Thursday, August 17, 1950

THREE EDITORIALS

Site Ed. Note: The front page reports that 25,000 to 30,000 North Korean troops opened a massive drive on Taegu, pouring through central mountain passes 15 miles north of the town, east of the Naktong River, with only two South Korean divisions acting as defense along the mountain pass roads. The enemy came from areas which had been heavily bombed the previous day by B-29's, the largest raid thus far in the war, inflicting heavy casualties on the enemy and widely dispersing them in confused retreat. The attack began a few hours after the Marines and 24th Infantry Division had struck at the Naktong east bank bridgehead near Changnyong, 23 miles southwest of Taegu, in the fiercest fighting of the war for the Marines, the type of fighting, according to correspondent Don Whitehead, which had characterized the Pacific engagements of World War II. The enemy was making its most serious threat north of Taegu, a thrust which was termed by Eighth Army headquarters as the most serious yet facing the U.N. forces.

According to correspondent Stan Swinton, American forces west of Masan were also preparing for an enemy assault.

Hal Boyle reports that North Koreans murdered 32 American prisoners with their hands tied behind their backs on Hill 303, west of Waegwan, the area bombed the previous day in the large B-29 raid, just prior to an American patrol of the First Cavalry reaching the position. They sought to kill 37 in all but five survived to tell the story. Three North Koreans were captured shortly afterward and one was identified by one of the survivors as a participant in the massacre. That prisoner was to be sent behind the lines for questioning, with a recommendation that he be tried as a war criminal. One other survivor said that he favored shooting the men, just as they had shot American prisoners. Murdering prisoners was typical retaliation by the North Koreans for air and ground assaults.

Correspondent Jack MacBeth reports that three North Korean prisoners captured Wednesday by the 24th Division told American interrogators that their regiments had a Russian adviser. They carried Russian-made carbines and a U.S. carbine and were discovered in civilian dress attempting to mingle with a large group of refugees.
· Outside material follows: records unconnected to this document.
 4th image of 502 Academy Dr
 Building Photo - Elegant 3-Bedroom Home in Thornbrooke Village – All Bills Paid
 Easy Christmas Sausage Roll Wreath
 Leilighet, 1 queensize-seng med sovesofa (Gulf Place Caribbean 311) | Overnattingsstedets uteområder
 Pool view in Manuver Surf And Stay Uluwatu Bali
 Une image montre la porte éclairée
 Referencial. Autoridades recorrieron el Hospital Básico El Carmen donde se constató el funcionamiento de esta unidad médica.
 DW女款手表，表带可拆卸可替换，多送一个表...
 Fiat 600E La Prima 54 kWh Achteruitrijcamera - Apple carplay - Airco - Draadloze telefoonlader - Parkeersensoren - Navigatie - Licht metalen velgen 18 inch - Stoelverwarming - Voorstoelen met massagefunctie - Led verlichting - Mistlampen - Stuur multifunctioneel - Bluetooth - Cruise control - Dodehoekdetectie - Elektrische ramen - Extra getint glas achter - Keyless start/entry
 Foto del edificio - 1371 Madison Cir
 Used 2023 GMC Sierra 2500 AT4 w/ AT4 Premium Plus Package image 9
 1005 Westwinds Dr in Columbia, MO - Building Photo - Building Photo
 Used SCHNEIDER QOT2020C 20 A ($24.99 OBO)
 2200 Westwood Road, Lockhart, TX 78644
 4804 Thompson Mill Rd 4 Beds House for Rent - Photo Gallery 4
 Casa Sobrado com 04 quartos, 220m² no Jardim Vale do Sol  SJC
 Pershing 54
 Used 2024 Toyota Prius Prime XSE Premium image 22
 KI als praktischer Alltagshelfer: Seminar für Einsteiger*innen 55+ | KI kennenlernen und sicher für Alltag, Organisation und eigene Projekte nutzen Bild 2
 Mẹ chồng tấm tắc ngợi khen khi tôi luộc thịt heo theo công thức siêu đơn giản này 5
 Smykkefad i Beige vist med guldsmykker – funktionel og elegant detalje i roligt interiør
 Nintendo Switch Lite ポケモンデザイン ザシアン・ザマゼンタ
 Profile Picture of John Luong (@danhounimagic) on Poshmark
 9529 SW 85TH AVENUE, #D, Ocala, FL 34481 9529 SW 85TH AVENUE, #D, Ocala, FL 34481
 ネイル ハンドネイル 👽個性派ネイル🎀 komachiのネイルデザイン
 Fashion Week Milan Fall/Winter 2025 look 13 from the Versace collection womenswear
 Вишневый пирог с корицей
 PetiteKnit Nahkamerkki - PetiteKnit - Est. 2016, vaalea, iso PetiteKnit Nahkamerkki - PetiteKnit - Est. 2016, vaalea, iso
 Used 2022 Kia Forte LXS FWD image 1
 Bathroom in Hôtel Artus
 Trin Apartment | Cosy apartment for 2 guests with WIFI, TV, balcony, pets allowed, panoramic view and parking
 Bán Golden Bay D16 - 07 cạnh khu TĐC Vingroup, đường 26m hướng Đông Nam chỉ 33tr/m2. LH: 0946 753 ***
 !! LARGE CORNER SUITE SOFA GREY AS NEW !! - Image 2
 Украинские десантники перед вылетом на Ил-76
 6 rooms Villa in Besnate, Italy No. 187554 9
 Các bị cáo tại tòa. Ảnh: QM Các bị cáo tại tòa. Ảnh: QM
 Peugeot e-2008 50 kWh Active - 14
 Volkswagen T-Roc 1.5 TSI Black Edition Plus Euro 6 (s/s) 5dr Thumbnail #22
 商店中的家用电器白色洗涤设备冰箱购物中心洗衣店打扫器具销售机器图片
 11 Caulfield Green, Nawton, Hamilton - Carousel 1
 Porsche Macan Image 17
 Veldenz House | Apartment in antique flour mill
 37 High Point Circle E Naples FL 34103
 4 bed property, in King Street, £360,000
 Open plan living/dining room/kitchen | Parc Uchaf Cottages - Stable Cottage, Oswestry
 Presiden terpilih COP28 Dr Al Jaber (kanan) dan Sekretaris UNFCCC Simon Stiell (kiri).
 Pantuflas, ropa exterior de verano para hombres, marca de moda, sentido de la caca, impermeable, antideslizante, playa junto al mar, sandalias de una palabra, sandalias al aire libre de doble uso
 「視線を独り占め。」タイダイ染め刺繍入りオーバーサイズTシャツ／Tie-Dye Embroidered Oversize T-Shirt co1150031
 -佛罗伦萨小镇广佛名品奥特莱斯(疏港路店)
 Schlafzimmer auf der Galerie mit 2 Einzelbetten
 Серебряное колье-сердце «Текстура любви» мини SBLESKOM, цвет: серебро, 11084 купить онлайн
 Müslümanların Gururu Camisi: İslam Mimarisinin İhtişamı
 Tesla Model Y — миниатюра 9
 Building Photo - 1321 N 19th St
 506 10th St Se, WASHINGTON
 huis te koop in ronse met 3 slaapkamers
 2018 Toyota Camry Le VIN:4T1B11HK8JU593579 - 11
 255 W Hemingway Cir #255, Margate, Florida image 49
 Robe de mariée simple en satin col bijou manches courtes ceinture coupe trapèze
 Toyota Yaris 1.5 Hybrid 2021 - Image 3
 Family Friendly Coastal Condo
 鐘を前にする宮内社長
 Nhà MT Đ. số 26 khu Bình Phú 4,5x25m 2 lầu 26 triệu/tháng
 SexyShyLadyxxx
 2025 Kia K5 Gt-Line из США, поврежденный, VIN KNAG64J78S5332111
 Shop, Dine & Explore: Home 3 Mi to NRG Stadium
They told of miserable life in the North Korean Army, that morale was low, and said they would be shot if they returned. They had been told repeatedly that victory was imminent but they did not receive enough food. They fought tenaciously only out of fear that failure to do so would result in their being shot by their own leaders. Casualties, they reported, had been heavy and most of their friends were dead.

The U.S. called on cooperating U.N. members to increase the speed with which they sent troops to Korea and to pay more attention to existing units rather than recruiting and training special units for the purpose. The report, submitted by U.S. chief delegate Warren Austin, said that only American troops thus far had arrived in Korea but that eight nations had supplied naval forces and other assistance. He also praised the tenacity of the South Korean troops who, he said, withdrew more to preserve continuity in fighting than because of enemy pressure.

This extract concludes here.